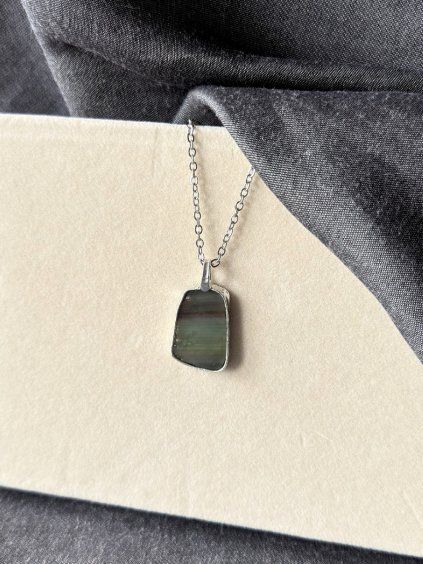 Cínový náhrdelník - zeleno-hnědá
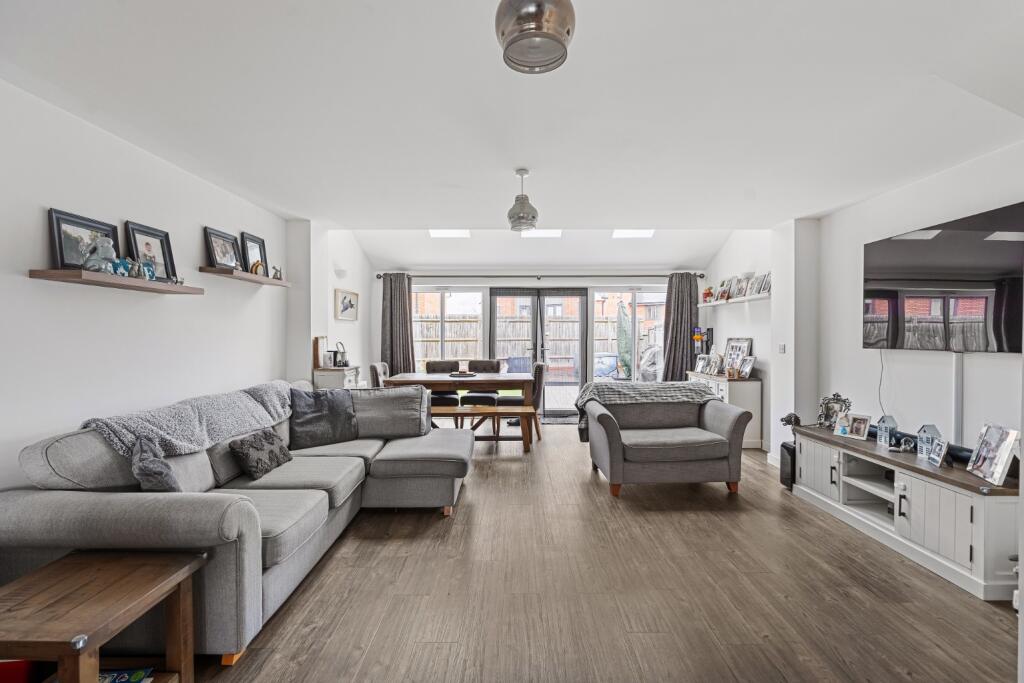 Additional property image - Conrad Mews, Northfleet, Gravesend, Kent, DA11 8FW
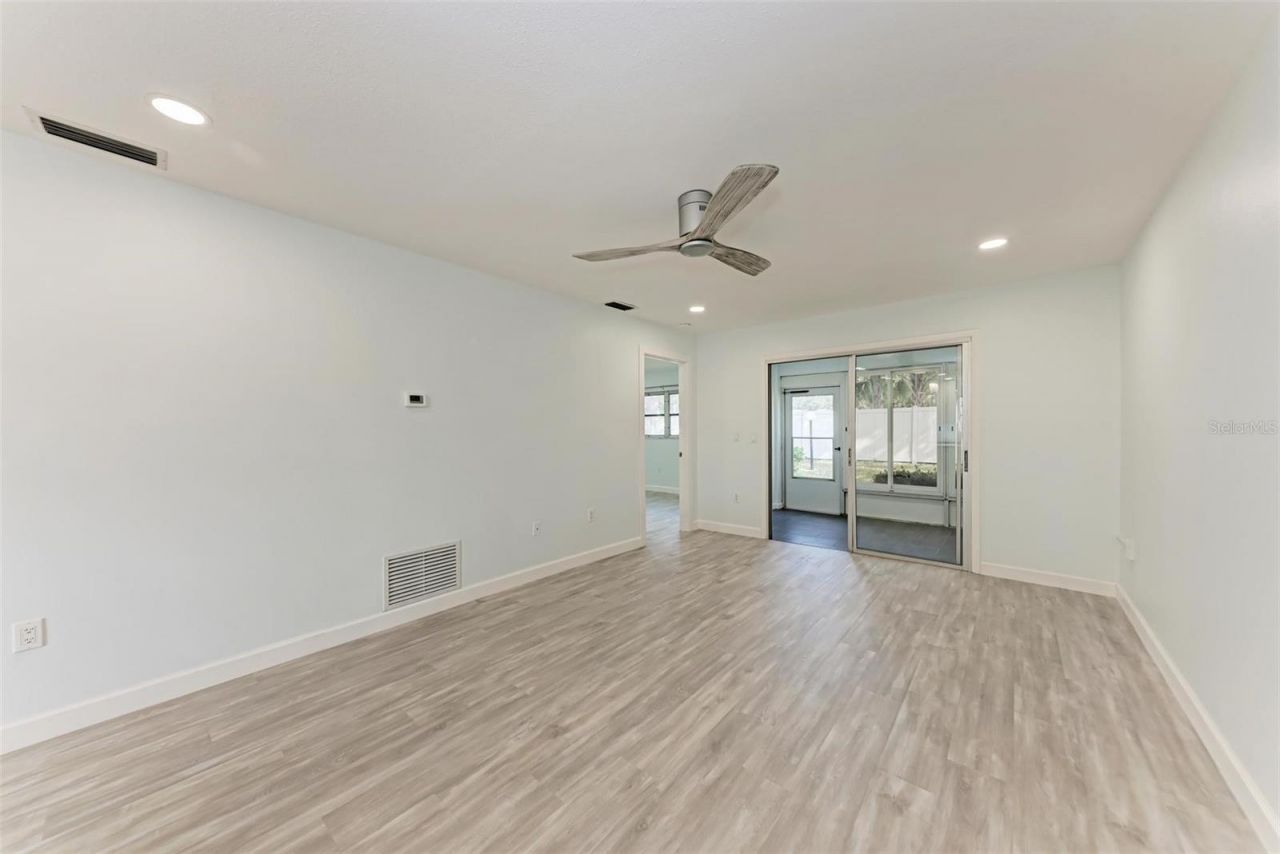 390 301 Boulevard W, Unit 8C, Bradenton, FL 34205 Photo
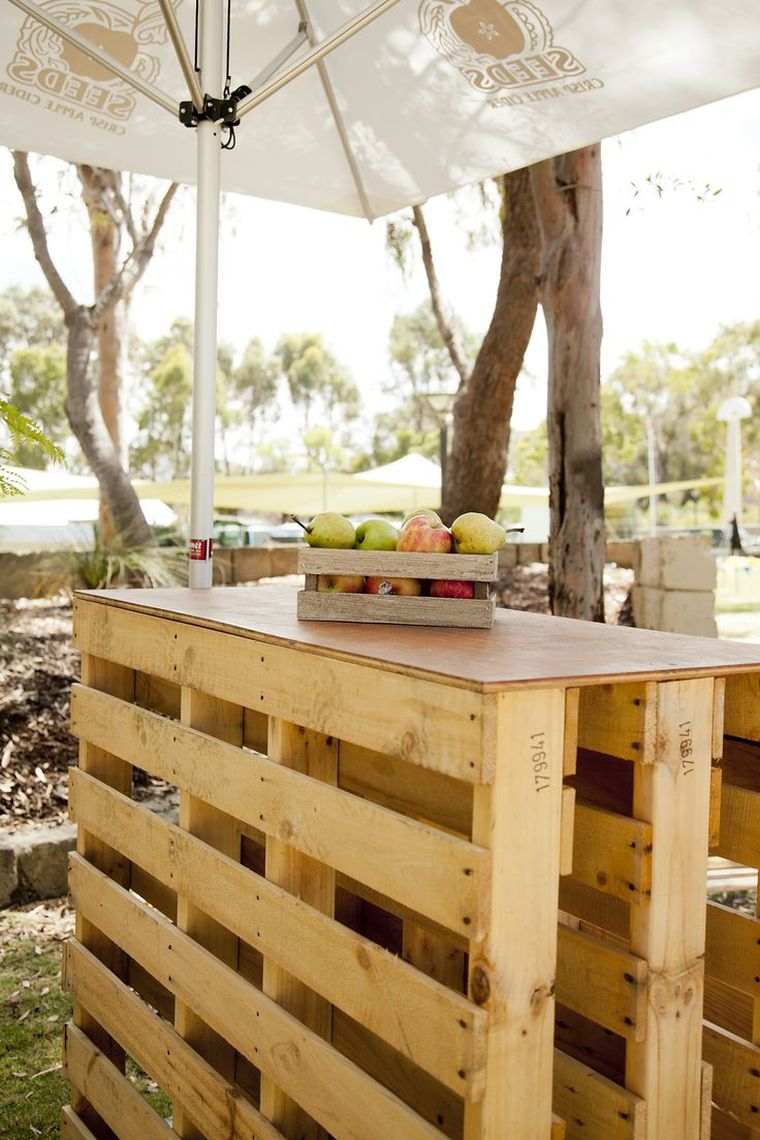 Outdoor-bar-wood-to-make-example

TO DO: Repeat the material above precisely as it appears, omitting the images it contains.

OUTPUT:
 Cínový náhrdelník - zeleno-hnědá
 Additional property image - Conrad Mews, Northfleet, Gravesend, Kent, DA11 8FW
 390 301 Boulevard W, Unit 8C, Bradenton, FL 34205 Photo
 Outdoor-bar-wood-to-make-example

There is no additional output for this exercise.